SUPPLIED DATA —
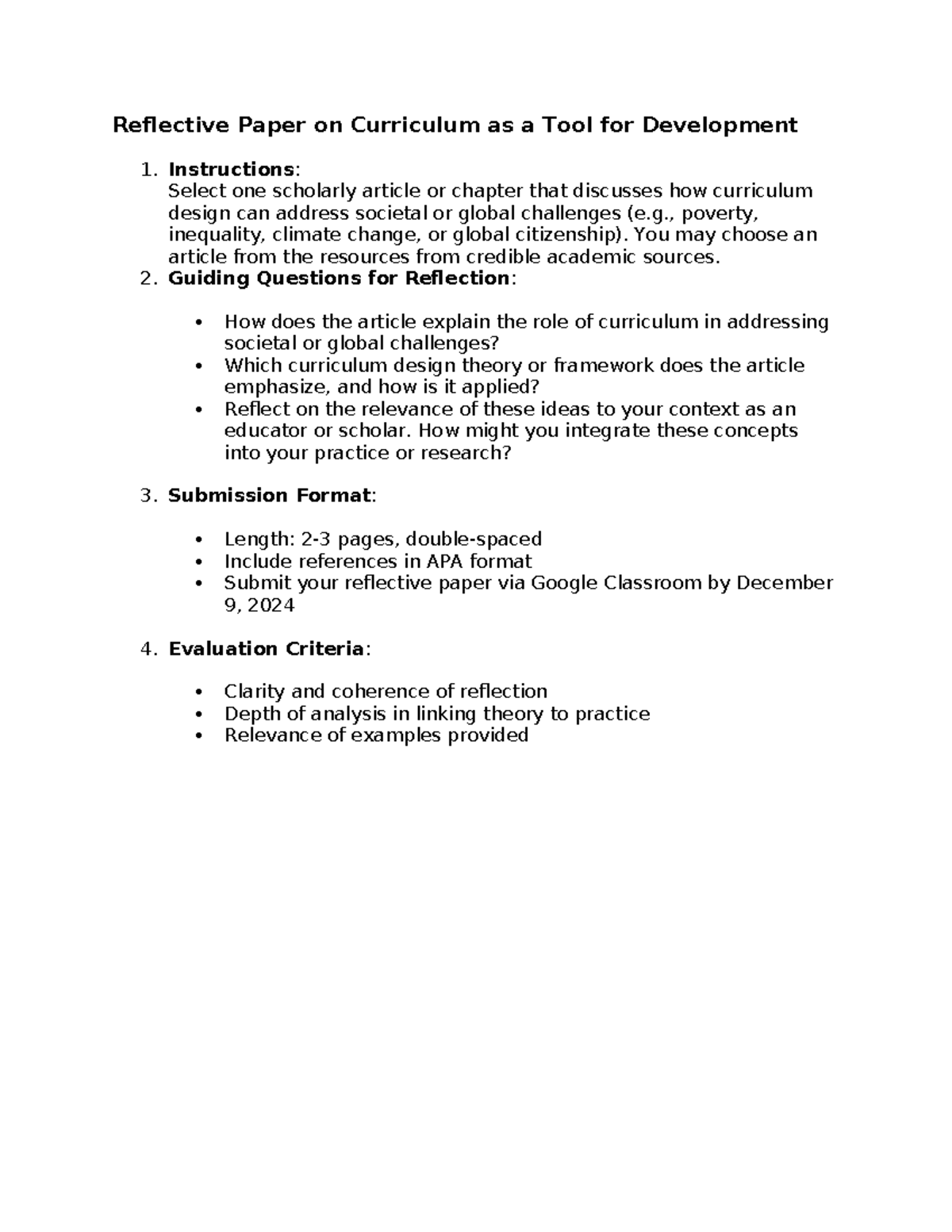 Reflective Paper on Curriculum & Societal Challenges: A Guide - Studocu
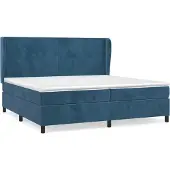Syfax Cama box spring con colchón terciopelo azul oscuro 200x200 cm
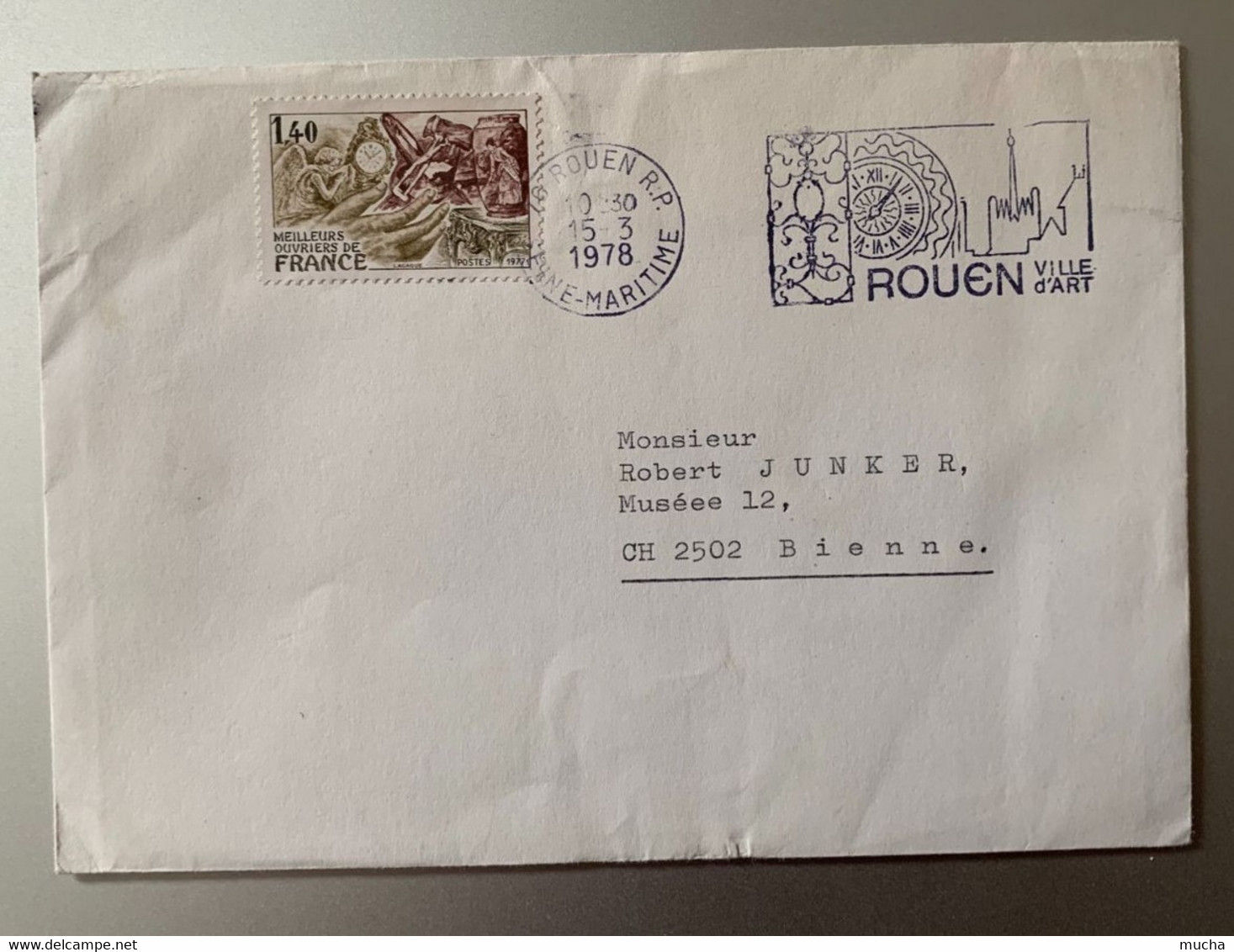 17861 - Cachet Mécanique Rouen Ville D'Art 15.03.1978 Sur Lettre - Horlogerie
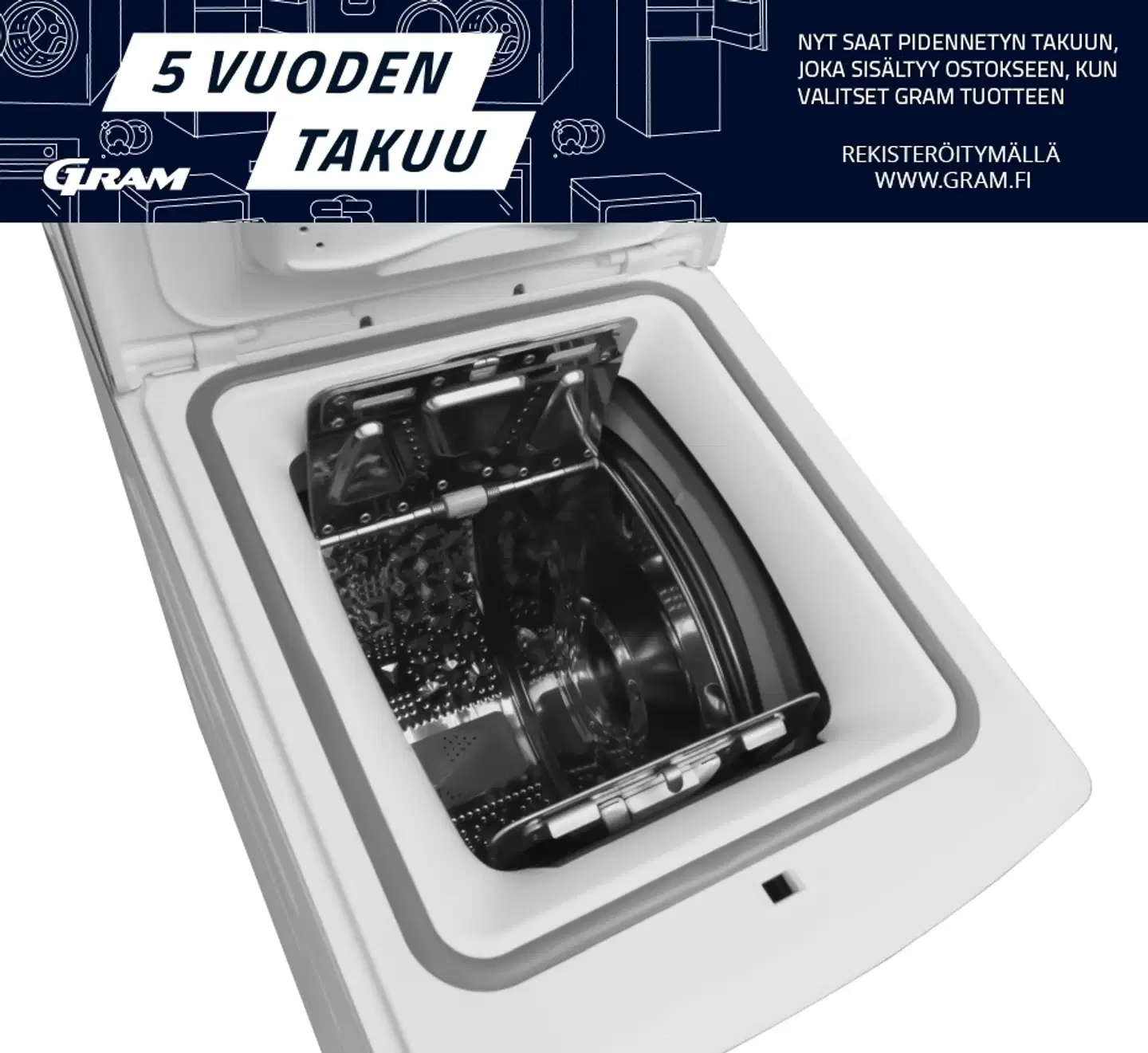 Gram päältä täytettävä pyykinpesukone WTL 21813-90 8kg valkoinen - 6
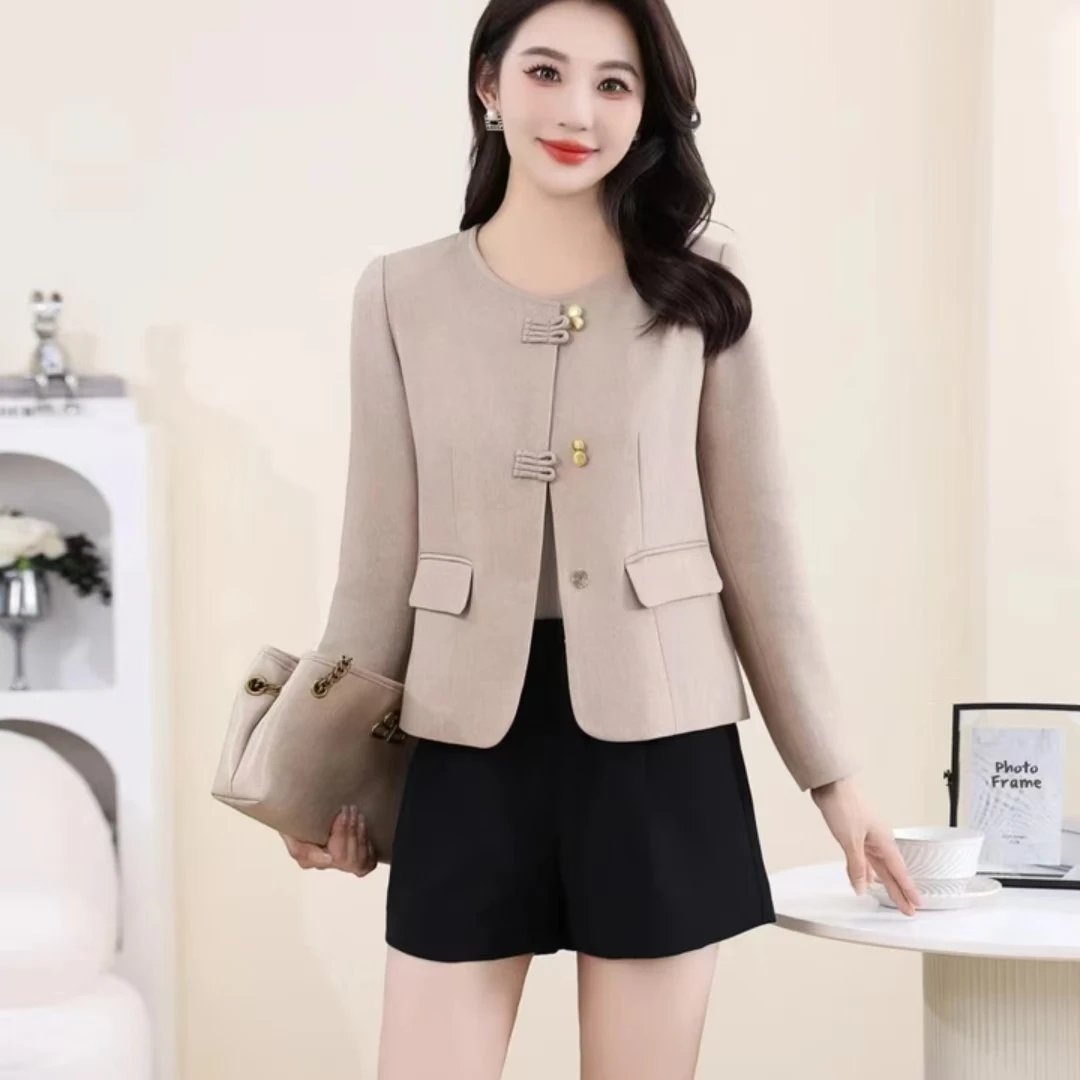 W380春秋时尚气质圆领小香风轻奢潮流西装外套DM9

==

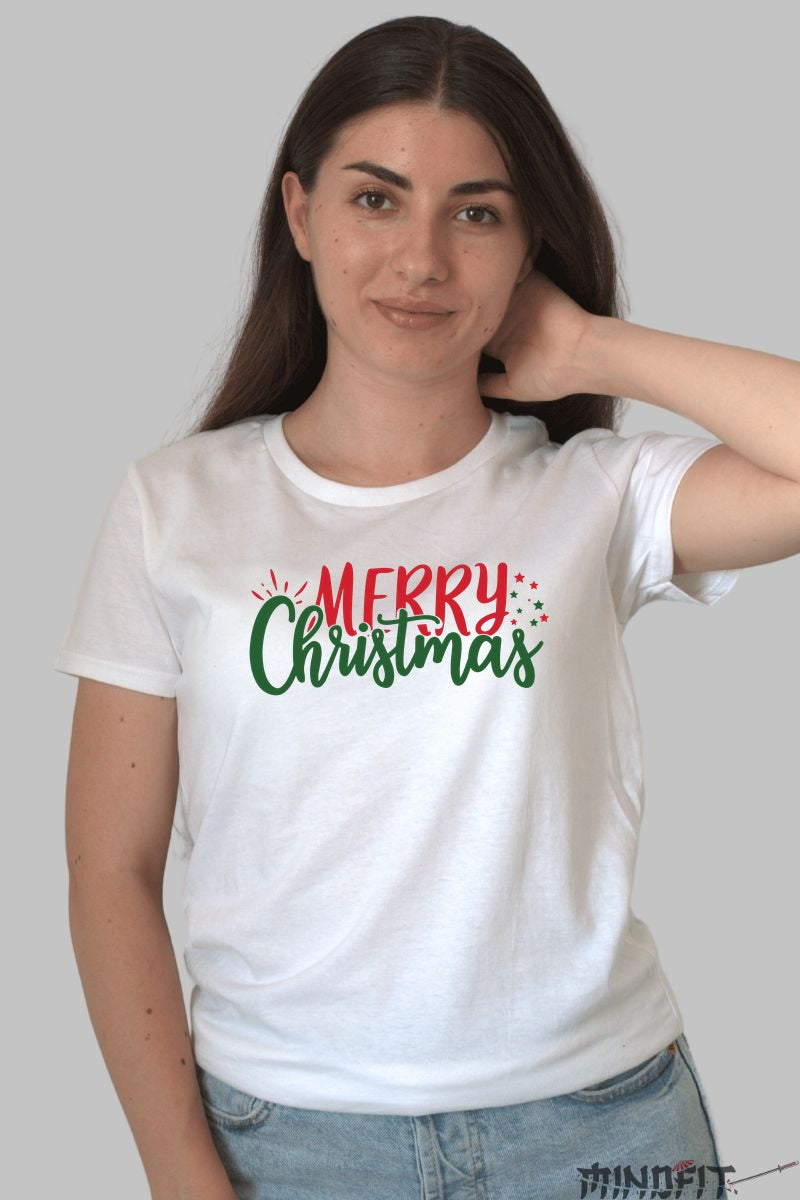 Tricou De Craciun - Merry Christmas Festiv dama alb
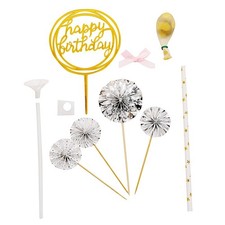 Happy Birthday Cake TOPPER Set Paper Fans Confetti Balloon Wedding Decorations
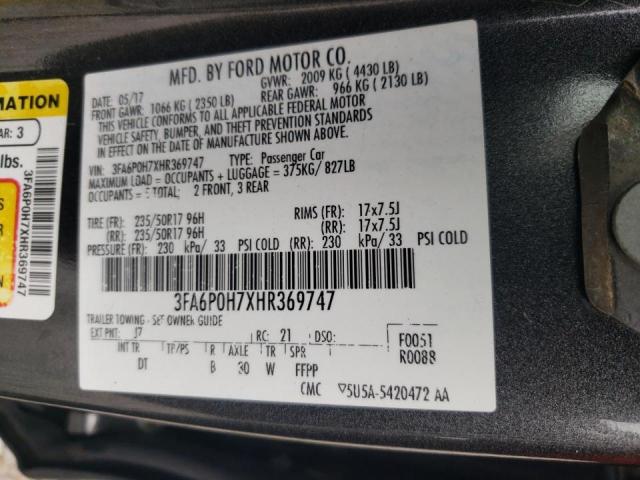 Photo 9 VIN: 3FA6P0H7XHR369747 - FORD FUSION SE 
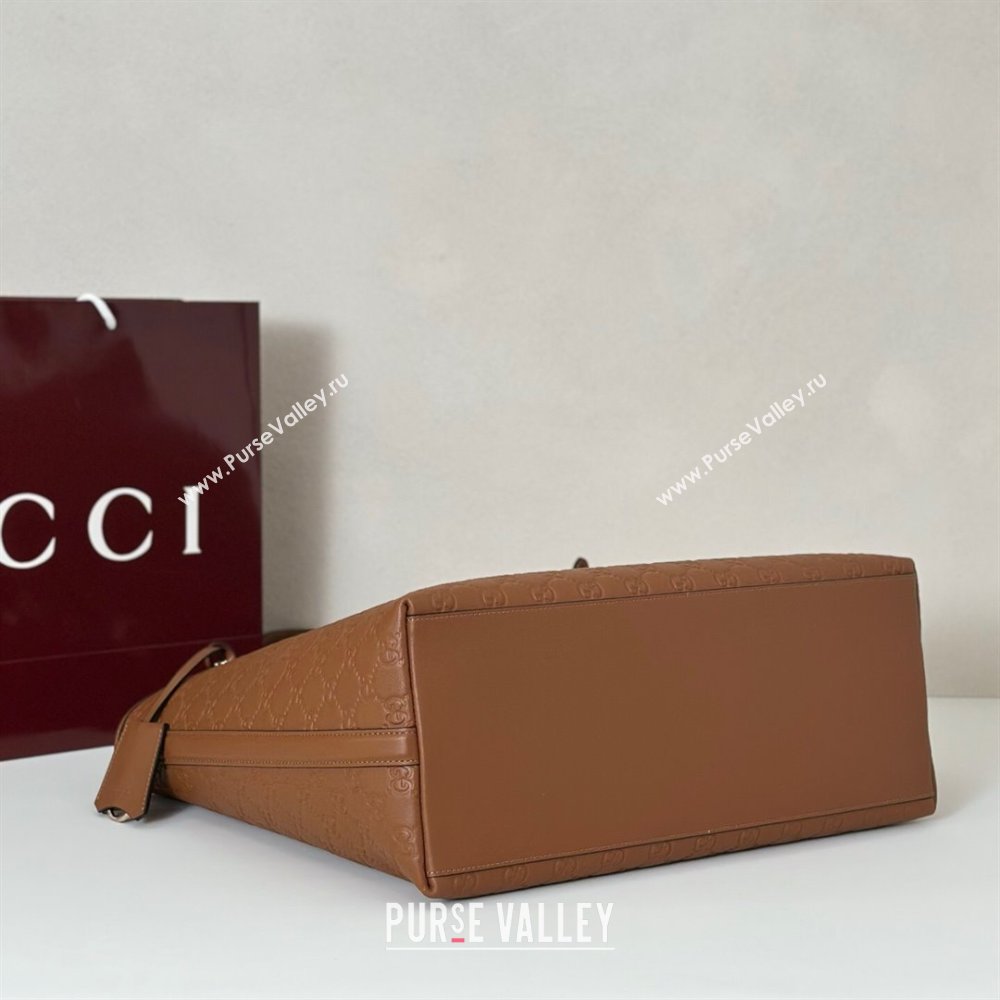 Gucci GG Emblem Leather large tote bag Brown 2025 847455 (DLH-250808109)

WORK INSTRUCTION —
Write back the stretch of lines above that begins with the line holding "17861 - Cachet" and ends with the line holding "W380春秋时尚气质圆领小香风轻奢潮流西装外套DM9", both included, exactly as written. Pictures stay out.

OUTPUT FOR THIS EXERCISE —
 17861 - Cachet Mécanique Rouen Ville D'Art 15.03.1978 Sur Lettre - Horlogerie
 Gram päältä täytettävä pyykinpesukone WTL 21813-90 8kg valkoinen - 6
 W380春秋时尚气质圆领小香风轻奢潮流西装外套DM9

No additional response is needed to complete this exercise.